Somebody missed the concept of "burner phone" - a real burner phone gets used once, or to call only one person for a short period of time.
Buying a phone for cash and using it like normal isn't very clever.
Anyone in the know on whether or not the so called rogue towers are simple benign cell phone signal boosters?
... and we can't find out who built the towers and who paid the freaking bill?
It little behooves the best of us to comment on the rest of us.
At my parent's house, which is in the middle of nowhere with neighbours about 1000 feet away, there is a protected wifi network that appears at maximum signal strength (using inSSIDer, the bar is a perfectly straight line with no variation) no matter where I walk on the property. The strange thing is that it's only there for a few hours a day, not all the time.
Could there be some sort of stingray device that also does something with wifi? Or are there now long-range/satellite wifi networks? Any idea what could be .happening? It doesn't appear to be a virus since I've experimented with multiple devices and even routers.
The house has frequently been under police watch in the past, so some sort of active monitoring is within the realm of possibility, but I've just never heard of anything like what I see here.
Cities like Chicago are installing cellphone tracking devices to monitor pedestrian traffic. http://readwrite.com/2014/09/0... http://articles.chicagotribune... There's one at the top of a light pole in front of the Board of Trade on Jackson St. It looks like a small, black, round trash can.
Want to see how important they are? Break one and see how fast it takes company 'x' to get out and repair it.
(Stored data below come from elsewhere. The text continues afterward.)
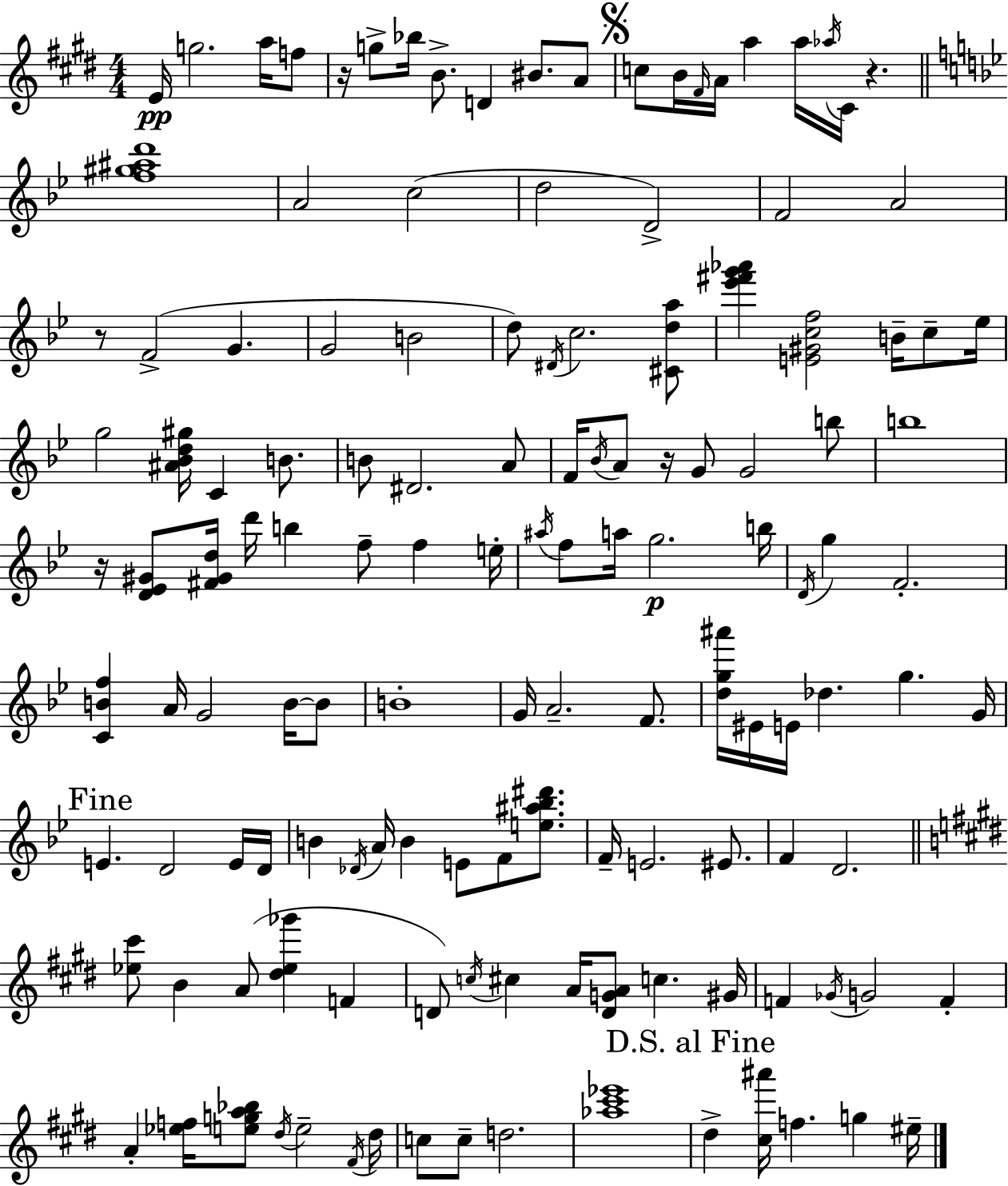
{
  \clef treble
  \numericTimeSignature
  \time 4/4
  \key e \major
  \repeat volta 2 { e'16\pp g''2. a''16 f''8 | r16 g''8-> bes''16 b'8.-> d'4 bis'8. a'8 | \mark \markup { \musicglyph "scripts.segno" } c''8 b'16 \grace { fis'16 } a'16 a''4 a''16 \acciaccatura { aes''16 } cis'16 r4. | \bar "||" \break \key bes \major <f'' gis'' ais'' d'''>1 | a'2 c''2( | d''2 d'2->) | f'2 a'2 | \break r8 f'2->( g'4. | g'2 b'2 | d''8) \acciaccatura { dis'16 } c''2. <cis' d'' a''>8 | <ees''' fis''' g''' aes'''>4 <e' gis' c'' f''>2 b'16-- c''8-- | \break ees''16 g''2 <ais' bes' d'' gis''>16 c'4 b'8. | b'8 dis'2. a'8 | f'16 \acciaccatura { bes'16 } a'8 r16 g'8 g'2 | b''8 b''1 | \break r16 <d' ees' gis'>8 <fis' gis' d''>16 d'''16 b''4 f''8-- f''4 | e''16-. \acciaccatura { ais''16 } f''8 a''16 g''2.\p | b''16 \acciaccatura { d'16 } g''4 f'2.-. | <c' b' f''>4 a'16 g'2 | \break b'16~~ b'8 b'1-. | g'16 a'2.-- | f'8. <d'' g'' ais'''>16 eis'16 e'16 des''4. g''4. | g'16 \mark "Fine" e'4. d'2 | \break e'16 d'16 b'4 \acciaccatura { des'16 } a'16 b'4 e'8 | f'8 <e'' ais'' bes'' dis'''>8. f'16-- e'2. | eis'8. f'4 d'2. | \bar "||" \break \key e \major <ees'' cis'''>8 b'4 a'8( <dis'' ees'' ges'''>4 f'4 | d'8) \acciaccatura { c''16 } cis''4 a'16 <d' g' a'>8 c''4. | gis'16 f'4 \acciaccatura { ges'16 } g'2 f'4-. | a'4-. <ees'' f''>16 <e'' g'' a'' bes''>8 \acciaccatura { dis''16 } e''2-- | \break \acciaccatura { fis'16 } dis''16 c''8 c''8-- d''2. | <aes'' cis''' ees'''>1 | \mark "D.S. al Fine" dis''4-> <cis'' ais'''>16 f''4. g''4 | eis''16-- } \bar "|."
}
apples to oranges: the VA has been a civil-service dumping ground useful for nepotism, political payoffs, and hiding the incompetent for generations now. Civilian heath care is still (mostly) in the hands of organizations (hospitals, universities, etc.) who actually give a crap about providing high-quality health care and can be easily sued (go ahead; try suing the VA and let me know how you make out).
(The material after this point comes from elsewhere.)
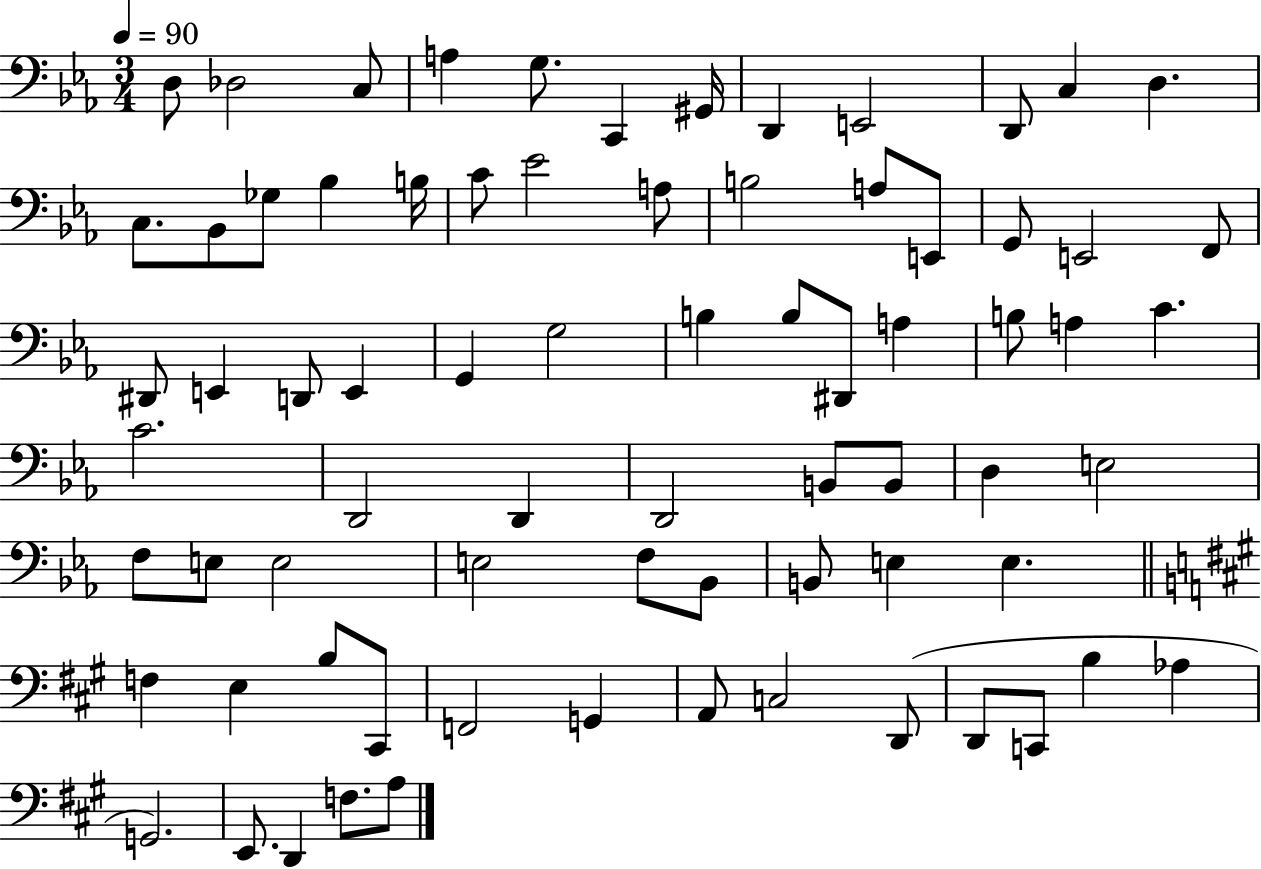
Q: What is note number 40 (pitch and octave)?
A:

As long as I've been able to read (early 1960s) there have been occasional news articles about some incompetent MD or administrator at the VA who finally screws one too many pooches and the harrumphing goes on until the headlines go away. Like the idiot during the first gulf war who told a TV journalist on-camera that these wounded soldiers don't deserve the latest prosthetic technology, and so what, anyway. Big fuss, one disappeared jerk, the VA sails on...and soldiers continued to get old-technology prosthetics. Sigh. Insert Walter Reed conditions, wait times, etc., and you find, as they saying goes, "twas ever thus".
Some of these towers are transmitting.. so shouldn't that necessarily involve a license from the FCC? What about the phone companies? They're they ones who have licensed the spectrum. Shouldn't they care that someone is transmitting on their frequencies?
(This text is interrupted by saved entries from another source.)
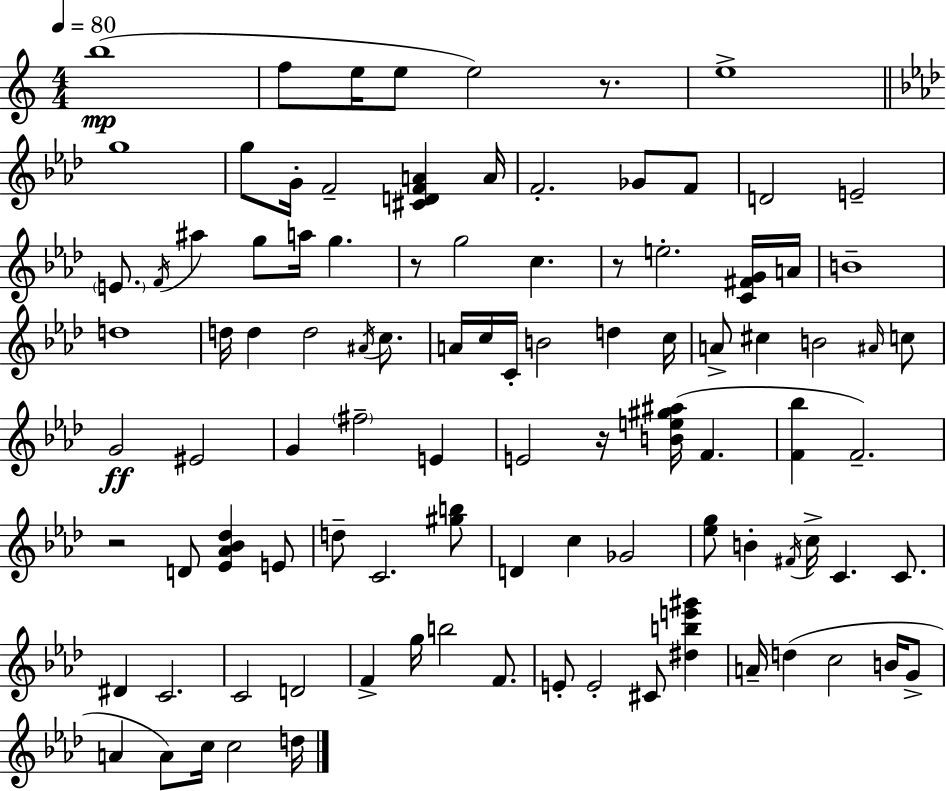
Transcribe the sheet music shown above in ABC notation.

X:1
T:Untitled
M:4/4
L:1/4
K:C
b4 f/2 e/4 e/2 e2 z/2 e4 g4 g/2 G/4 F2 [^CDFA] A/4 F2 _G/2 F/2 D2 E2 E/2 F/4 ^a g/2 a/4 g z/2 g2 c z/2 e2 [C^FG]/4 A/4 B4 d4 d/4 d d2 ^A/4 c/2 A/4 c/4 C/4 B2 d c/4 A/2 ^c B2 ^A/4 c/2 G2 ^E2 G ^f2 E E2 z/4 [Be^g^a]/4 F [F_b] F2 z2 D/2 [_E_A_B_d] E/2 d/2 C2 [^gb]/2 D c _G2 [_eg]/2 B ^F/4 c/4 C C/2 ^D C2 C2 D2 F g/4 b2 F/2 E/2 E2 ^C/2 [^dbe'^g'] A/4 d c2 B/4 G/2 A A/2 c/4 c2 d/4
I would hope that these towers are in the FCC's database:
http://wireless2.fcc.gov/UlsApp/AsrSearch/asrRegistrationSearch.jsp
Without actual locations, though, it's really hard to know. The map in the article is not detailed enough. Anyone have a better source?
Acutally, most of the spectrum that's commercially available is dual-use. I haven't looked at this particular example, but we have a $300B problem that the FCC is giving away spectrum that used to be shared, and so the military is forced to redesign hardware to fit in newer, narrower frequency allocations.
you guys ever consider they could be commercial espionage relate -def contractors spying on competitors products in the field let alone foreign govt data capture ops or in the event of a conflict they would be used to jam or give out EMP type burst to fry military electronics?